Texas Rangers were in on Freddie Freeman prior to the MLB lockout
By Seth Carlson
Surprise, surprise! The Texas Rangers were reportedly in on free agent first baseman Freddie Freeman prior to the MLB lockout.
Previously, reports had indicated that if the Texas Rangers were going to upgrade from Nathaniel Lowe at first base, it would likely be trading for Matt Olson. That would require the team to surrender prospect capital, and a lot of it, to the division rival Oakland A’s. From all accounts, the Rangers still seem to be strongly considering this move, and Olson is the type of player who would be worth the cost.
But if their attempts to lure Olson from the A’s go sour, is there a chance they could pivot back to Freeman again after the lockout? Here’s what CBS Sports had to say about this:
"“Still, Freeman drawing interest from other teams is no revelation; the Yankees have been connected to him here recently, and sources informed CBS Sports early in the offseason that both the Dodgers and the Rangers had at least some interest in him. (MLB Network’s Jon Heyman reported the Blue Jays had also shown interest.)”"

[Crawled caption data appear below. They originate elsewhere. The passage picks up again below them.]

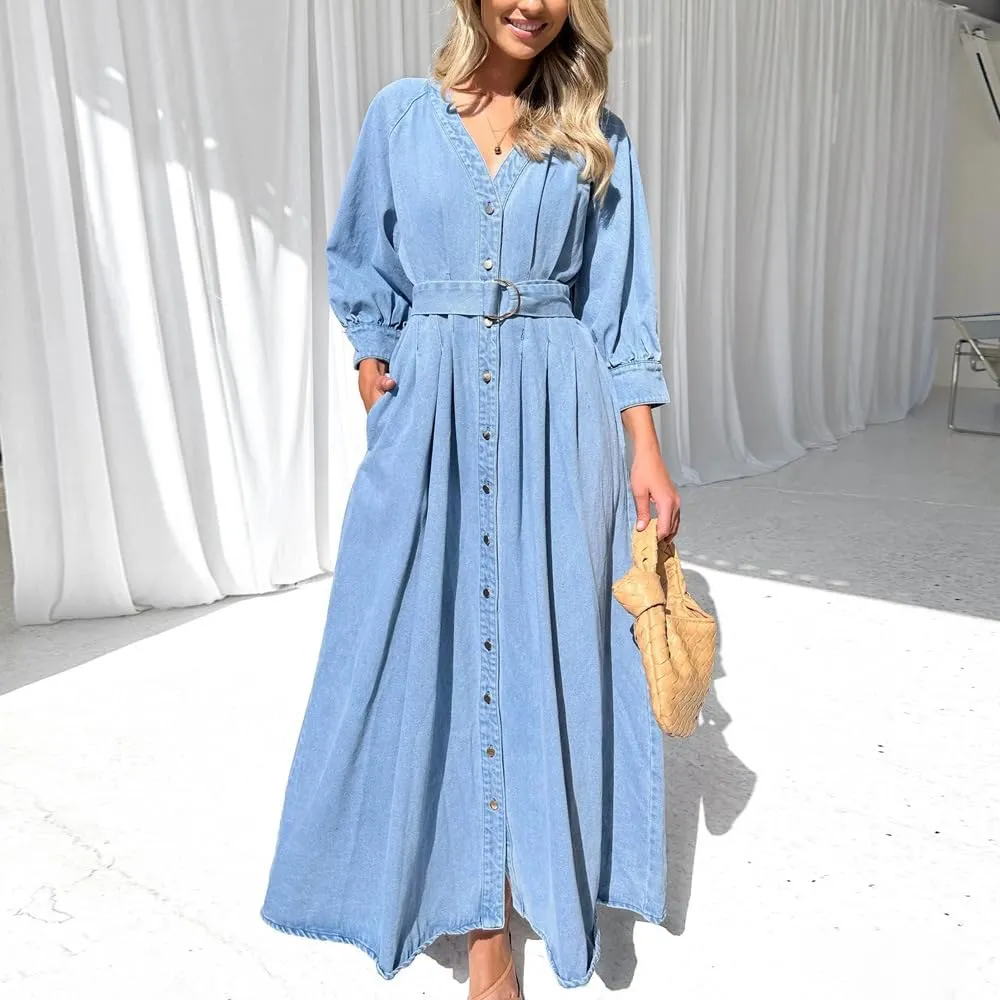 utcoco Womens 2025 Fall Winter Denim Shirt Dress V Neck 3/4 Long Sleeves Button Down Belted Jean Maxi Dresses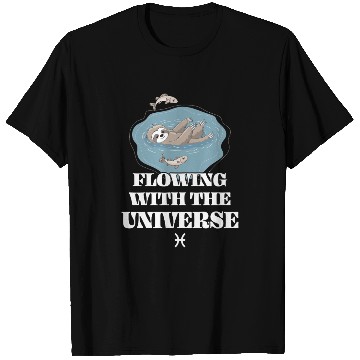 Discover Pisces Zodiac Sloth Flowing With The Universe T Shirts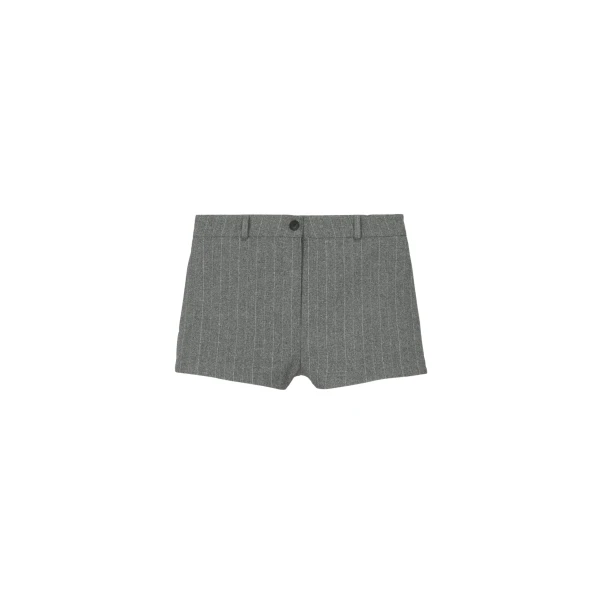 The Frankie Shop Tenby Striped Hot Pants - Grey Melange - Oversized Minimalist Pants in Grey - Shop at Luxury Shoes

The Texas Rangers were reportedly interested in Freddie Freeman prior to the MLB lockout
“Some” seems like a rather tepid word in this context, but interest is interest.
It would still be shocking to see Freddie Freeman end up anywhere else other than back in Atlanta for 2022 and beyond, but the possibility does exist that he leaves for a team willing to meet his contractual demands.
Freeman, like Olson, is a game-changer on the field. Known for his consistency at the plate and with the glove and a former MVP, Freeman is arguably the best first baseman in baseball. Adding him to an infield that has Corey Seager and Marcus Semien, along with Josh Jung at third base at some point in 2022 would give the Texas Rangers one of the best infields in the game.
Aiding the Rangers in their potential Freeman pursuit is the reported elimination of draft pick compensation as per the terms of the new CBA, which is still being negotiated. Because Freeman was given a qualifying offer, signing elsewhere would’ve netted the Braves a first round pick in return. Instead, the new CBA, when ratified, will do away with this practice. The idea of signing Freeman without surrendering more draft capital should definitely make him more appealing to Texas, as well as more realistic.
None of this is to indict Nathaniel Lowe, who is a solid option at first base. But if the opportunity arises to acquire Matt Olson via trade or Freddie Freeman in free agency, you at least kick the tires.